Distressed debt and bankruptcy restructuring activity fell to $22 billion during the first quarter, a 6.8 percent decline over Q1 2013, according to data released by Thomson Reuters on Tuesday. The number of transactions dropped to 52, a 49.5 percent slide from the number of transactions completed during the same period last year.
The financial industry accounted for 45 percent of completed deal value, with the $10 billion restructuring of emirate-owned investment company Dubai Group marking the largest single transaction of the quarter.
Perhaps unsurprisingly, the size and scope of Dubai Group’s restructuring resulted in the EMEA region being the only geography where deal volume exceeded Q1 2013 totals.
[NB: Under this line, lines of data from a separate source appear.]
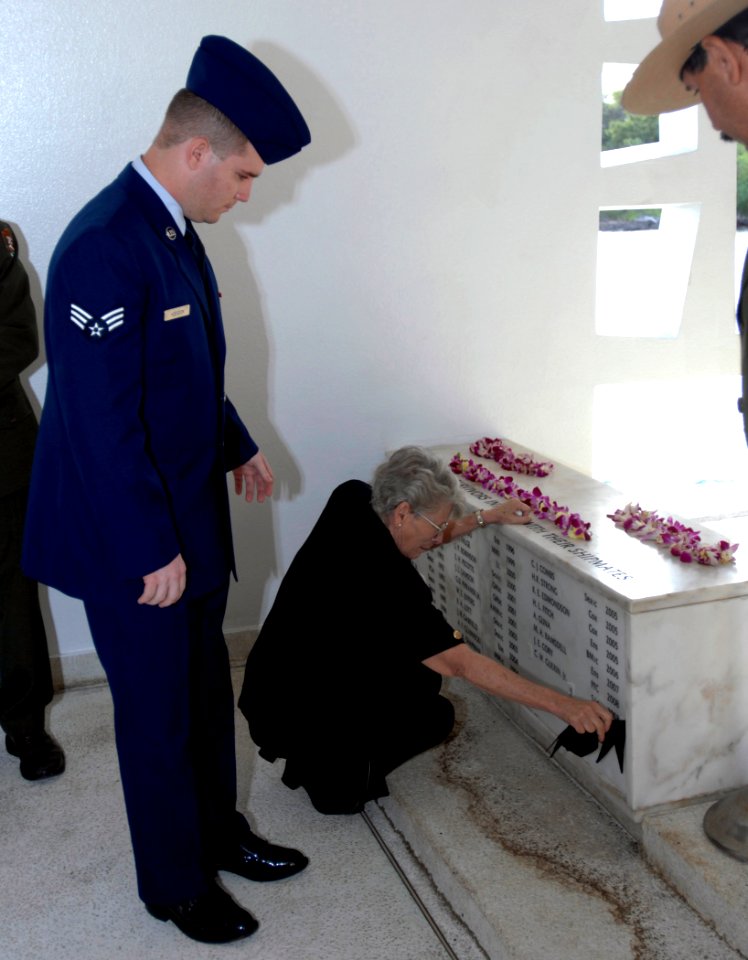 US Navy 081207-N-0535P-286 Dianne Guerin unveils the name of her father, Seaman 1st Class Charles Guerin Jr., during his interment ceremony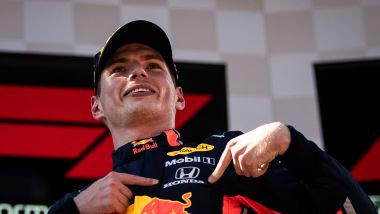 GP Austria 2019, Red Bull Ring: Max Verstappen (Red Bull Racing) vince e indica il logo Honda 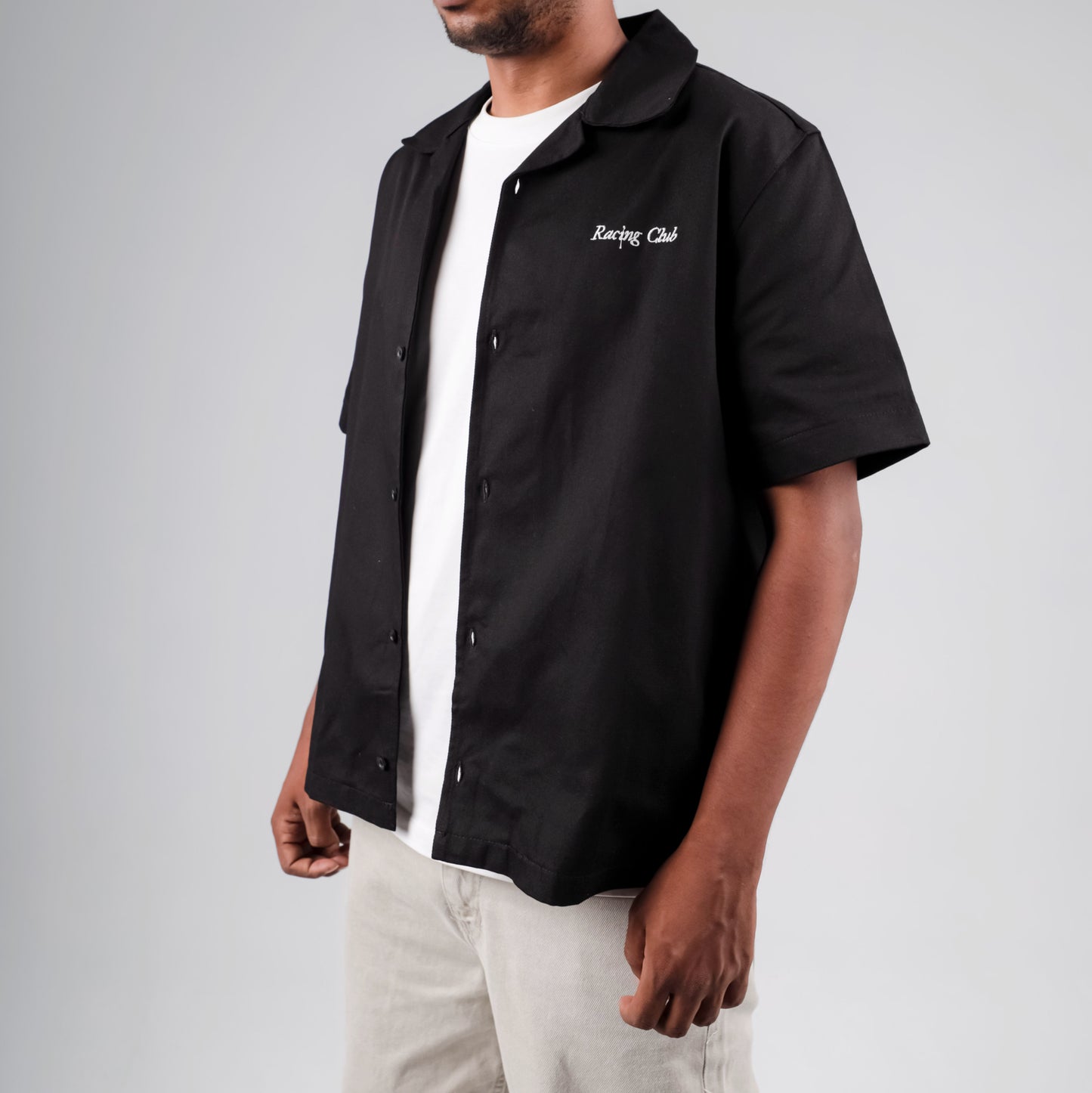 Boxy fit short sleeve shirt with back stitching speed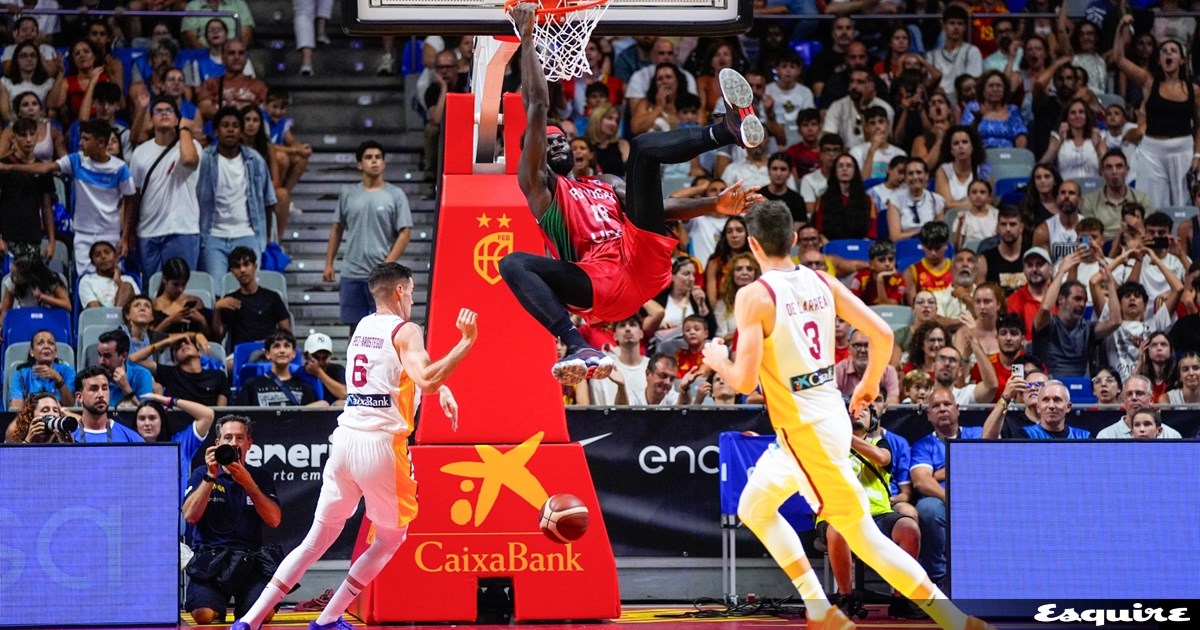 Γιατί η Εθνική Ελλάδος τα κατάφερε απέναντι στην Ισπανία μετά από 12 χρόνια και πάει για μετάλλιο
EMEA volumes reached $16.5 billion during the quarter, a 13.7 percent increase over the same period last year.
US deal activity fell by 26.2 percent to $4.5 billion during the first quarter. Asia Pacific deal volumes dropped by 71.2 percent from Q1 2013 totals to $1.7 billion.
The declines in bankruptcy and distressed debt activity coincide with a rapidly diminishing appetite for investment funds specialising in those transactions, according to a recent Bain & Company report. Last month, the consulting firm reported that falling default rates and an improved global economy contributed to a 16 percent decline in commitments to distressed private equity funds.
“New capital flowing to funds that focus on distressed companies, which do well when the economy is struggling, was down in 2013, following several years of growth,” according to the report.